Answer Man: The Answer Man doesn't have thoughts, Rich; he has answers. You should know that by know.
Anyway, you allude to the answer in your question. While the realignment corrected several large geographical anomalies, it left a few smaller ones intact if the value of a rivalry was considered too strong.
Basically, the whole thing was a big negotiation. It's fortunate that Seattle was relatively willing to make the move from the AFC West to the NFC West, because switching conferences was thought to be a difficult sell. Seattle "took one for the team" but still ended up in a pretty interesting division with San Fran and St. Loo.
Take the Buccaneers. They probably felt some pretty strong ties to their Black-and-Blue rivalries, especially Green Bay and Chicago, but they were the least tenured team in the division. The Packers, Bears, Lions and Vikings had been together since the league first split each conference into two divisions in 1967. In the end, the Bucs ended up in a more geographically conducive set with Carolina, Atlanta and New Orleans, and it hasn't taken much to build heated rivalries with those three teams.
St. Louis was the obvious choice to leave the NFC East. Yes, Dallas is a bit farther West, but it's rivalries with Washington, Philadelphia and the Giants have always been a huge part of the NFL's popularity. Atlanta and Carolina moved from the NFC West to the South because…well, those are pretty obvious.

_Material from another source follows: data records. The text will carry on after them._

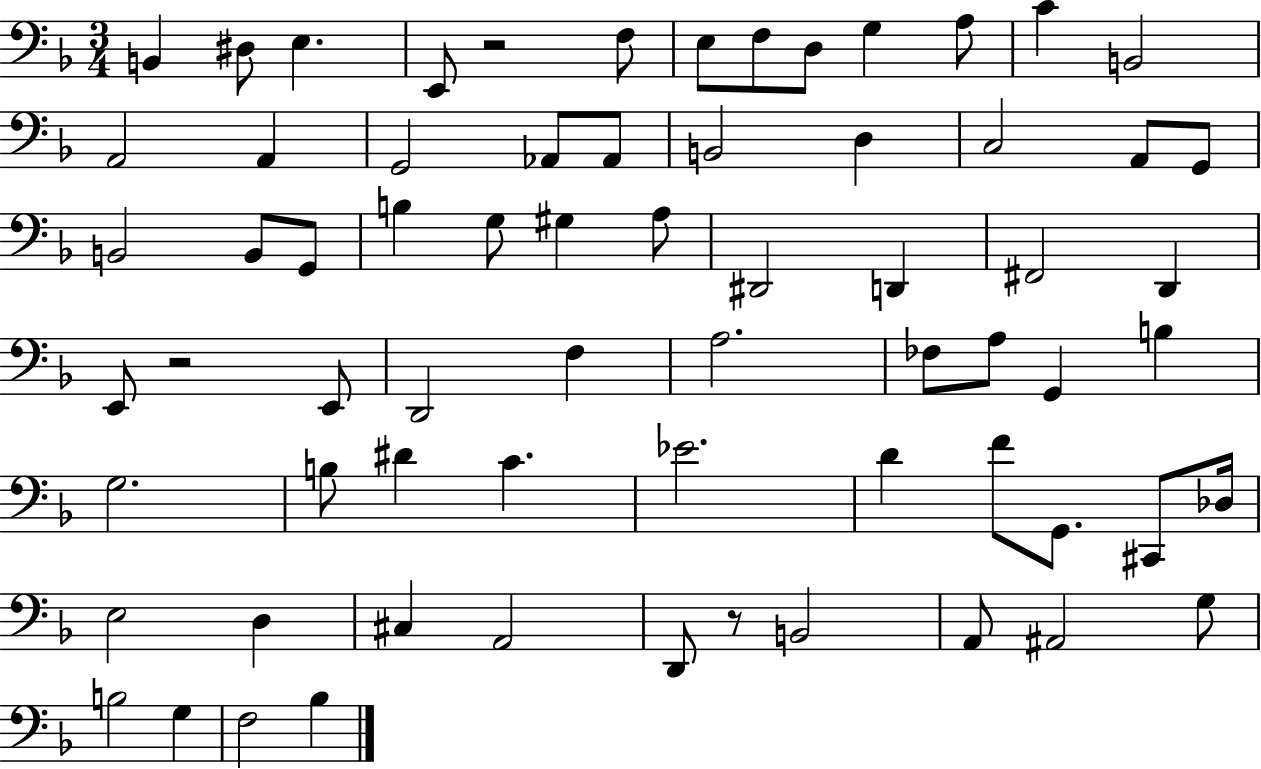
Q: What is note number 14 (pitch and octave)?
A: A2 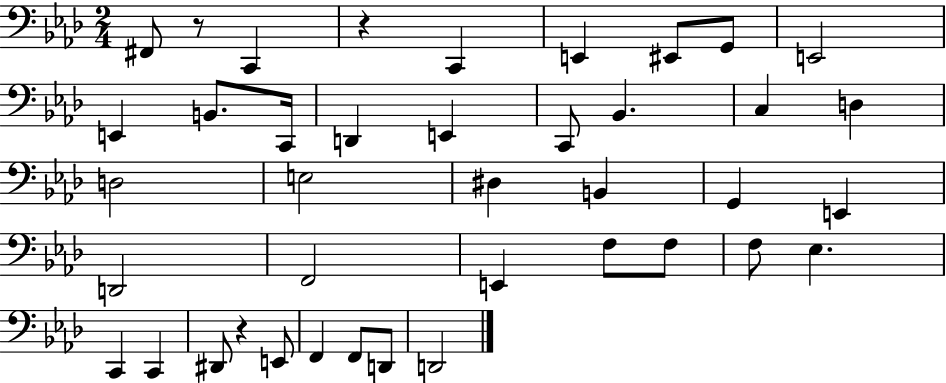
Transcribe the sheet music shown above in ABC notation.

X:1
T:Untitled
M:2/4
L:1/4
K:Ab
^F,,/2 z/2 C,, z C,, E,, ^E,,/2 G,,/2 E,,2 E,, B,,/2 C,,/4 D,, E,, C,,/2 _B,, C, D, D,2 E,2 ^D, B,, G,, E,, D,,2 F,,2 E,, F,/2 F,/2 F,/2 _E, C,, C,, ^D,,/2 z E,,/2 F,, F,,/2 D,,/2 D,,2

If you look at the AFC East and West and the NFC East and Central of the pre-2002 setup, you'll see that they came through the realignment almost intact, sacrificing one team each.
The AFC Central and NFC West got mixed up quite a bit, along with the four castoffs from above, into four new divisions. The new NFC North and South seem to make sense, but the AFC North and South are a little trickier. I would say the final alignment is a mixture of rivalry-preservation and geographical sense.
You gotta admit, Baltimore, Cincinnati, Cleveland and Pittsburgh are all pretty close to each other. They are also, as a group, a bit more East than Houston, Indianapolis, Jacksonville and Tennessee (yes, I know that Jacksonville is farther East than Cincinnati…I said, "as a group"). Plus, Cleveland-Pittsburgh and Cincinnati-Cleveland are two heated rivalries, as is Houston-Jacksonville (just kidding!).
So let's stop splitting hairs, Richard. I think the NFL did about as well, geographically, as we could have hoped with the latest realignment.
A few quickies before I go…
- Philip Barr of Canton, Ohio asks:
What is the font style for the buccaneers? I have never seen it before and was just wondering. Thanks, Philip.
Answer Man: It's called "Totally Gothic" and it's pretty widely available. I did a quick internet search on it and found a bunch of links as to how to purchase it.
- Rich Allis of Eugene, Oregon asks:
When does the new salary cap start each season?
Answer Man: Generally during the first few days of March. This year it was March 2. Last year, it was March 3. It kicks in one click after midnight, by the way, and the free agency period starts at the same time.
11a. Michael Rose of Clermont, Florida asks:
Just wanted to know when FanFest will be this spring/summer. Thanks.
11b.…and Nick of Orlando, Florida asks:
When is the Bucs' FanFest and where?
11c.…and Joe of Port Charlotte, Florida asks:
When is FanFest?
Answer Man: Guys we touched on this just last week in Series 2, Volume 9. The answer is Saturday, June 4 at Raymond James Stadium.
Gotta go. Gotta get ready for FanFest, apparently. Answer Man out.